Android RNG vulnerability: distorted incentives and platform ownership (part II)

[continued from part I]

The Android bargain: ceding control, gaining market share

The reason individual developers are enlisted to fix platform bugs is simple: Google does not have the ability to push security updates to users. In what may be the worst-kept secret of the mobile industry repeatedly pointed out by pundits,  the update channel for most devices is controlled by handset manufacturer and/or carrier. (The exception being “pure” Google-experience devices offered under the Nexus umbrella. But even these are not immune from carrier interference: for example Google caved-in to demands for blocking Google Wallet on Galaxy Nexus phones subsidized by Verizon.)

This is no accident or oversight. In trying to compete with iPhone for market share, Google made a Faustian bargain with OEMs and carriers. Providing them an open-source OS that could be endlessly customized and tweaked. This was not mere rhetoric or paying tribute to the open source model. It was a deliberate concession, partially ceding control of the handset software to provide a more appealing platform that OEMs/carriers would. An iPhone has only one “handset manufacturer” (Apple) and looks the same from Verizon or AT&T. Android follows the PC model of hardware competition in allowing OEMs to differentiate not only on features and pricing but also with “value-add” customizations to the OS: HTC Sense skin, Samsung eye-tracking etc. Carriers also jumped into the fray trying to distinguish their devices with customizations, for example controlling wireless-tethering to squeeze more revenue out of data plans.

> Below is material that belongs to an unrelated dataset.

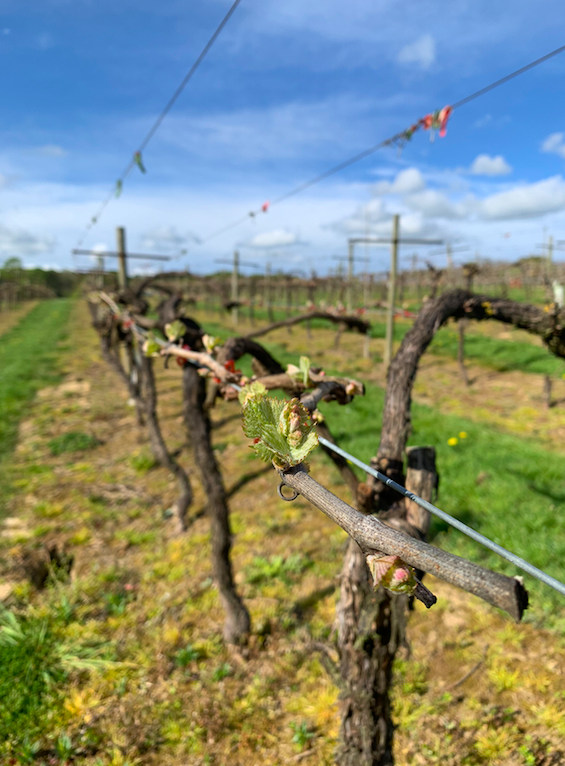 bud burst at Biddenden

By all indications, the plan worked. Reaching market a full year after the iPhone, Android nevertheless managed to overcome Apple’s first-mover advantage. Judged by unit shipments, Android dwarfs the iPhone in the US and globally.

Distorted incentives

There are two downsides to this hard-won battle for market share:

  • Once the OEM/carrier goes off the reservation and starts changing the operating system, incorporating updates is no longer a straightforward proposition. A security patch issued by Google for “vanilla” Android builds may not work against a heavily customized image from some OEM. (Imagine if Google pushed out an update that rendered some fraction of AT&T devices unusable?) At a minimum OEMs/carriers must be involved in testing the security update against their customizations to guarantee nothing will break. In some cases they may have to do additional work to modify the update to work for their particular scenario.
  • At the same time as the difficulty of delivering updates goes up, the economic incentive for doing so vanishes. Because the OEM/carrier views the operating system as an asset they can compete on (eg it is not a “freebie” magically gifted from Cupertino in identical shape to everyone) it is no longer something to be given away freely. Why invest in upgrading legacy devices when you can sell that customer a brand new phone with the latest and greatest OS? The same distortion applies to the carrier thanks to device subsidies: over time a subscriber pays more than the hardware retail cost. It is more profitable for the carrier to “upgrade” the user to new phone– even for nominal fee– locking them into another extended contract.

The ultimate contradiction: Google has less ability to deliver security updates to Android phones– devices  always powered on and connected to the Internet–than Microsoft had for Windows PCs in 2004.